In DE-OS 31 17 286, a so-called packer is disclosed for the above purpose and has a tubularly-shaped filling stub which is fixed in a fluid-tight manner in a borehole formed in a structure. A rubber sleeve encircling the filling stub fixes the stub in the borehole and the sleeve is radially clamped in the borehole and undergoes an axial shortening.
In this type of attachment, a cumbersome manipulation by the user is involved. Moreover, excessive pressure and partial spalling of the surface of the structure can occur during the clamping operation in the outer region of the borehole. Furthermore, such packers have a complicated construction and, as a result, are expensive.
A simpler device as compared to the packer is disclosed in DE-OS 32 03 871. The packing device in this patent publication has essentially a conically-shaped outside configuration so that a wedge-type fastening in the borehole is achieved for the purpose of sealing using the packing device. Experience has shown that the retaining values developed are mostly insufficient for resisting the counterpressure occurring when the mass is injected, with the result that the packing device is released and the sealing action is lost.
From DE-OS 22 26 169 concerning securing anchor ties in the ground, it is known to fasten an essentially tubular-shaped anchor in the outer region of the borehole by introducing cement and water into the gap located between the anchor and the borehole wall.
After the cement mortar have set, which can require a long period of time, additional cement mortar is introduced into the deeper region of the borehole for effecting the desired anchorage.
While the present invention deals with the repair or rehabilitation of a structure such as in the method disclosed in DE-OS 22 26 169, a comparison with previously-mentioned restoration of cracked or porous structures is not possible. In this described method, the anchor tie, inserted into the borehole, passes through different layers of the ground and forms an element for holding the layers together. Accordingly, cement mortar is introduced into a gap between the anchor tie and the inside surface of the borehole for establishing a connection between the individual ground layers and the anchor tie. Since only the borehole, that is, the gap between the borehole surface and the anchor tie is to be filled with cement mortar, high pressures are not required for injecting the mortar, as would be needed in the previously-mentioned methods of repairing cracked structures. The mortar introduced into the outer region of the borehole for fixation purposes does not have to meet any higher requirements, particularly as far as compression strength is concerned. In addition, in the case of anchor ties, a long period of time is required before the completion of the anchorage, accordingly, a long setting time for the cement mortar used for filling the borehole as well as for fastening the anchor tie is acceptable.

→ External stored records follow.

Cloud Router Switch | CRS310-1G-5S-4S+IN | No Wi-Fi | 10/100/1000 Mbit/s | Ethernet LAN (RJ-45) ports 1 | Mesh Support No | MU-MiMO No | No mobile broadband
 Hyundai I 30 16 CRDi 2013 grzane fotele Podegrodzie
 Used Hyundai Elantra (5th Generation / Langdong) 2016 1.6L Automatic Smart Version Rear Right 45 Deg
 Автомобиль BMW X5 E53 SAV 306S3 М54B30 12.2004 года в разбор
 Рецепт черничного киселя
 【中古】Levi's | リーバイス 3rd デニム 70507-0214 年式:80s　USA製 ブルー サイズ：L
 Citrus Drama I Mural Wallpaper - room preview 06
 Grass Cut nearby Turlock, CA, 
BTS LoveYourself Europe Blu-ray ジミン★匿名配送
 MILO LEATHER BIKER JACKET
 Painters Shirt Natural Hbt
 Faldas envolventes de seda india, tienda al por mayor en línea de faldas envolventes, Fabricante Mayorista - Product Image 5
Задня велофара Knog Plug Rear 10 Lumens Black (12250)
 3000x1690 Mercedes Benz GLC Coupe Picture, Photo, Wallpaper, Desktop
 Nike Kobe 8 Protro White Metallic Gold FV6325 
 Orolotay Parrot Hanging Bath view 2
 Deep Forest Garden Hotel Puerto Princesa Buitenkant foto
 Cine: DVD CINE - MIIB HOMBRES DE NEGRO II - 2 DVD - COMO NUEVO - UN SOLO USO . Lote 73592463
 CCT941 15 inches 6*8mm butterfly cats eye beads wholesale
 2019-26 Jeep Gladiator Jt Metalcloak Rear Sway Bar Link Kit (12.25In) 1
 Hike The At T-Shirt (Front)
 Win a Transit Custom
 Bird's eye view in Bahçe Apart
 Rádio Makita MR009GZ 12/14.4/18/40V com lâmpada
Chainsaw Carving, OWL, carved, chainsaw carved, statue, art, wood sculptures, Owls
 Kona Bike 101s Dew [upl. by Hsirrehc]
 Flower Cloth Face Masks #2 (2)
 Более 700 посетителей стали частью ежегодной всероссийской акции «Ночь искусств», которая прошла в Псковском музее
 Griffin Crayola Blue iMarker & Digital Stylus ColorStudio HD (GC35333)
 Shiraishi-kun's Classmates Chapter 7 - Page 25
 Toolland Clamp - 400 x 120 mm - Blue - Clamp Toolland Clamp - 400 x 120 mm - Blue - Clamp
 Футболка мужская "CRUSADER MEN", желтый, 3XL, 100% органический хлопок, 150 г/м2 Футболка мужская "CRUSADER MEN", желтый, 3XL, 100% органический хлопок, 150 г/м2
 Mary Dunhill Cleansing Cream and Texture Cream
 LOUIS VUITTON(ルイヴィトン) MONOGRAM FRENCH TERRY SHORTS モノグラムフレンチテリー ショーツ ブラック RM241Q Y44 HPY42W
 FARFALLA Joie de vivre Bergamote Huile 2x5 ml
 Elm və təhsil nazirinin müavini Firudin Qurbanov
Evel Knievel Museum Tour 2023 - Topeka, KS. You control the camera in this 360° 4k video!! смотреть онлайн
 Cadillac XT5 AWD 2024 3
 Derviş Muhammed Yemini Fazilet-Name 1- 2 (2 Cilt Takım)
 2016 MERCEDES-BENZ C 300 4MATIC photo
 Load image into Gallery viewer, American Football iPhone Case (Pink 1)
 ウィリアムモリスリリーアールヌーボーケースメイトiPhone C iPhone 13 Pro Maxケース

Therefore, the primary object of the present invention is to provide a method of injecting flowable masses into cracks in a structure which is characterized by the simplicity of the steps and the apparatus involved, so that a dependable seal is provided for injecting the flowable mass and sealing the cracks.
In accordance with the present invention, initially a borehole traversing the cracks in the structure is formed and a tubular member is inserted into the borehole with the tubular member having a smaller diameter than the borehole diameter. Next, the opening into the gap between the borehole surface and the tubular member is sealed by injecting a hardenable sealing mass. After the sealing mass has hardened, a flowable hardenable mass is injected through the tubular member into the structure.
In accordance with the method of the present invention, the tubular member is surrounded by the sealing mass at least in the outer region of the borehole, so that after the mass is hardened, the tubular member is fixed and sealed in a tight manner. A dispensing device normally used for injecting such flowable masses is employed for filling the sealing mass into the annular gap between the borehole surface and the tubular member. Such dispensing devices include dispensing nozzles permitting a sufficiently accurate supply of the sealing mass into the annular gap. The distribution of the sealing mass into the annular gap is adequately supplied, if the dispensing nozzle is applied only at one point around the annular gap. To facilitate the distribution of the sealing mass, however, the dispensing nozzle can be positioned at several different locations around the annular gap.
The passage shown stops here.